◆ What you have to do:
Write out the stretch of lines below that begins at the line with "Clinical image of" and ends at the line with "Anti-ATRX Antibody Picoband® Boster Bio", including both, exactly as given and nothing more.

◆ Source information:

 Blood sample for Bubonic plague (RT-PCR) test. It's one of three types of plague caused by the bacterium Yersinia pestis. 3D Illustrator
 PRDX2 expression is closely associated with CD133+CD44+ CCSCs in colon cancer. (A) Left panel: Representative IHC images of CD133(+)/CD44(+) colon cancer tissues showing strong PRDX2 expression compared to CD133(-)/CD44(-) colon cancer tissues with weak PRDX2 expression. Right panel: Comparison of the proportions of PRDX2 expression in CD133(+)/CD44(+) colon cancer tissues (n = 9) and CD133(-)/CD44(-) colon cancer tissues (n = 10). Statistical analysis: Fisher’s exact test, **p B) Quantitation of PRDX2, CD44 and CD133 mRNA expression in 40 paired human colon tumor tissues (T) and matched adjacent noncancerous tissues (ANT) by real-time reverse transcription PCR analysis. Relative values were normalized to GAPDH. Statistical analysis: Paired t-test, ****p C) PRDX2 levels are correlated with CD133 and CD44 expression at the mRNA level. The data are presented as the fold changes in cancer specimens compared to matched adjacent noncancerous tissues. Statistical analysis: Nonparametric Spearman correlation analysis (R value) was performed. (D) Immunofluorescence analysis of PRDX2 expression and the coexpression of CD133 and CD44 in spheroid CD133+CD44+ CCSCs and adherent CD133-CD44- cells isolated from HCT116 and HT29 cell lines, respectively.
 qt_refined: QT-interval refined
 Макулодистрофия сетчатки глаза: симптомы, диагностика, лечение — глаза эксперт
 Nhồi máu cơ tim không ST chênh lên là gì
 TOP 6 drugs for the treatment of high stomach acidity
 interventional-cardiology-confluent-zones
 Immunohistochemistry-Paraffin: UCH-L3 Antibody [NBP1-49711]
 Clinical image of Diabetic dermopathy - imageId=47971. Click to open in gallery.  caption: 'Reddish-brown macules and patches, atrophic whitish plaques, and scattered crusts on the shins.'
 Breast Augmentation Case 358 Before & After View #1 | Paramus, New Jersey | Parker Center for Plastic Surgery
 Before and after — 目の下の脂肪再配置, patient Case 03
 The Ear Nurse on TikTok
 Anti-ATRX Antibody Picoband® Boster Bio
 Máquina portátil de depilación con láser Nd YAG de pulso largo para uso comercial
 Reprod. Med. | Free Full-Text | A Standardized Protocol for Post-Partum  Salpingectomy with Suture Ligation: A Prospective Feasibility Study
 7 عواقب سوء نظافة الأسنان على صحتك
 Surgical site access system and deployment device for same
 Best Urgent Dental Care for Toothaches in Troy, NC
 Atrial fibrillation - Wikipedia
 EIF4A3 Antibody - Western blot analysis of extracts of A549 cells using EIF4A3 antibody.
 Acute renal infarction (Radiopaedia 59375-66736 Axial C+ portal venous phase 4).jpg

◆ Answer to this exercise:
 Clinical image of Diabetic dermopathy - imageId=47971. Click to open in gallery.  caption: 'Reddish-brown macules and patches, atrophic whitish plaques, and scattered crusts on the shins.'
 Breast Augmentation Case 358 Before & After View #1 | Paramus, New Jersey | Parker Center for Plastic Surgery
 Before and after — 目の下の脂肪再配置, patient Case 03
 The Ear Nurse on TikTok
 Anti-ATRX Antibody Picoband® Boster Bio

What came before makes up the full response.